**What is required**. Search the data below for the string "through". Extract every line that contains it.

**Records from a dataset**.
*** Block opens ***
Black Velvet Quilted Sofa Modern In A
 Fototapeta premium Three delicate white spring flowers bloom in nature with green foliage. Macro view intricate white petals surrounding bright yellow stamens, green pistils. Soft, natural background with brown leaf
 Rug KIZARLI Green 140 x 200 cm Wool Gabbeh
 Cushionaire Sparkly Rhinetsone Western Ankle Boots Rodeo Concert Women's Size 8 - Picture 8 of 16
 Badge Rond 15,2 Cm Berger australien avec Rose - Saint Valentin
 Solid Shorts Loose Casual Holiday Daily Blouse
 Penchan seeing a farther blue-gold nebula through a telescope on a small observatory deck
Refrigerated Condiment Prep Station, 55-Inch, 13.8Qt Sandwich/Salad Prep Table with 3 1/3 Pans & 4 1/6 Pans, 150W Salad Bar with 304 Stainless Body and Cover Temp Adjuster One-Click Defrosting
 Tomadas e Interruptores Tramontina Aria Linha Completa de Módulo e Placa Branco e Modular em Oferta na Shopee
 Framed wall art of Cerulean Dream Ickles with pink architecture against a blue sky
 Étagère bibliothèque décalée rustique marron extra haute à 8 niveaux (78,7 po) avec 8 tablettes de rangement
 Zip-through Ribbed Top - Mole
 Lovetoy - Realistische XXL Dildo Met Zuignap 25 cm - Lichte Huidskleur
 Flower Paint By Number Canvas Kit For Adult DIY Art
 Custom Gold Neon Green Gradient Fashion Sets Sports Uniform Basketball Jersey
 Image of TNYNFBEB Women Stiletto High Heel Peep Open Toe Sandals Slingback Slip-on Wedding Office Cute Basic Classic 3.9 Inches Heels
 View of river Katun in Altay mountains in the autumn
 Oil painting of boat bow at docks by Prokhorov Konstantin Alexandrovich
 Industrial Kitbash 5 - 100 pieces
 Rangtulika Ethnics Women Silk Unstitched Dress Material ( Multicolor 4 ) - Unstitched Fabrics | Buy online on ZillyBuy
*** Block closes ***
**Answer to this problem**.
 Penchan seeing a farther blue-gold nebula through a telescope on a small observatory deck
 Zip-through Ribbed Top - Mole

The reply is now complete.